ICE Brent was quoted at US$65.92 a barrel after the data, up 0.69 percent, while NYMEX West Texas Intermediate rose 0.45 percent to US$55.94 a barrel. Brent settled up 0.99 percent at US$66.12 a barrel on Wednesday and WTI gained 1.01 percent to US$56.25 a barrel.
Crude oil inventories in the U.S. jumped 8.8 million barrels to 440.7 million barrels by the end of last week, the American Petroleum Institute said on Wednesday, compared with a 3.2 million barrel gain expected. Gasoline inventories rose 188,000 barrels, compared with a 1.5 million-barrel decline expected and distillates dropped 3.2 million barrels, compared with a 1.7 million-barrel decline forecast.

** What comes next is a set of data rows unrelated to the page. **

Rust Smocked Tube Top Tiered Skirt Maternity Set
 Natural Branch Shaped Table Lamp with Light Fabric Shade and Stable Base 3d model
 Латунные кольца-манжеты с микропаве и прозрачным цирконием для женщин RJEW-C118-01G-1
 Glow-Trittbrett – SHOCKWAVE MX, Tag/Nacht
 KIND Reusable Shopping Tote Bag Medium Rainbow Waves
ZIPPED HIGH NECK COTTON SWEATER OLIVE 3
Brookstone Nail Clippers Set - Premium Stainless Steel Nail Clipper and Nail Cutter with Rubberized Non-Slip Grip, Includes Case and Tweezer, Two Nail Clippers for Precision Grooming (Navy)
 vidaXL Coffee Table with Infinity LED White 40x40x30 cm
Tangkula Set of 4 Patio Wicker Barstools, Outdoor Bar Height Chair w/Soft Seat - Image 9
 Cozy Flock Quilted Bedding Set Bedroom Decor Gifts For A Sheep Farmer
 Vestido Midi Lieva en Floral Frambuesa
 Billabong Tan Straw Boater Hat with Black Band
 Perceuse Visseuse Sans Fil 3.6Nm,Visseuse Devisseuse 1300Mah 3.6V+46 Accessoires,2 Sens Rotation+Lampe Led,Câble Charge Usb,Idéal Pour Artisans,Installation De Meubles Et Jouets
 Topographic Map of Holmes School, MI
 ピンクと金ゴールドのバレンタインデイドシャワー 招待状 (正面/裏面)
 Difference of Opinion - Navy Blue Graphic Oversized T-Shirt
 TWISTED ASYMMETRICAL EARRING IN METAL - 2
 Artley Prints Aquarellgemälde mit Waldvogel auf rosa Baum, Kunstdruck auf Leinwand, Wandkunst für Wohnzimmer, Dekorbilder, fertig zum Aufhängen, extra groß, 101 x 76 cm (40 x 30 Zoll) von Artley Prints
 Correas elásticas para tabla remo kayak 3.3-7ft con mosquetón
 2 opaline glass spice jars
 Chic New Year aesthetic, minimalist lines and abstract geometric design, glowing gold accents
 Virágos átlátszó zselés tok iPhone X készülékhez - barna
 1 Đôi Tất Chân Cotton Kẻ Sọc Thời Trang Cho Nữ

Stocks at the oil storage hub of Cushing, Oklahoma, rose 726,000 barrels and refinery runs rose 216,000 barrels per day (bpd), API said.
The figures will be followed by official data on Thursday from the Energy Information Administration at 1030 U.S. EDT, a day later than usual because of a public holiday.
Elsewhere, the monthly review of supply and demand from the Paris-based IEA released on Wednesday held global supply and demand growth estimates mostly steady at 1.3 million barrels per day (bpd) and 1.4 million bpd for 2018 and 2019 respectively.
The expected price decline in the Thursday session follow oil prices’ recent tumble.
Credit Suisse in a 13 November note to clients called the current market in “meltdown” and said if OPEC and allies do not cut at a meeting in Vienna in early December, prices could fall below US$50 a barrel near term as a seasonal demand dip in the first quarter of next year will add further pressure.
“The selloff in the last two weeks has been driven by a 300,000 barrel upward revision to U.S. supply and the granting of waivers on Iranian exports causing concern much less Iranian oil than expected will come off the market,” Credit Suisse said.
The eight nations which received waivers account for around 75 percent of Iran’s oil exports, Reuters reported recently, citing trade data.
“And despite Saudi Arabia pledging to reduce production by 500,000 barrels beginning in December, the subsequent tweet from President Trump (“hopefully, Saudi Arabia and OPEC will not be cutting oil production”) and the absence of a Saudi response has prompted the market to question whether a cut (which is necessary) occurs. We believe plunging oil markets will force OPEC to cut production, making the next OPEC meeting on 12/6 critical,” it said.
Hopefully, Saudi Arabia and OPEC will not be cutting oil production. Oil prices should be much lower based on supply!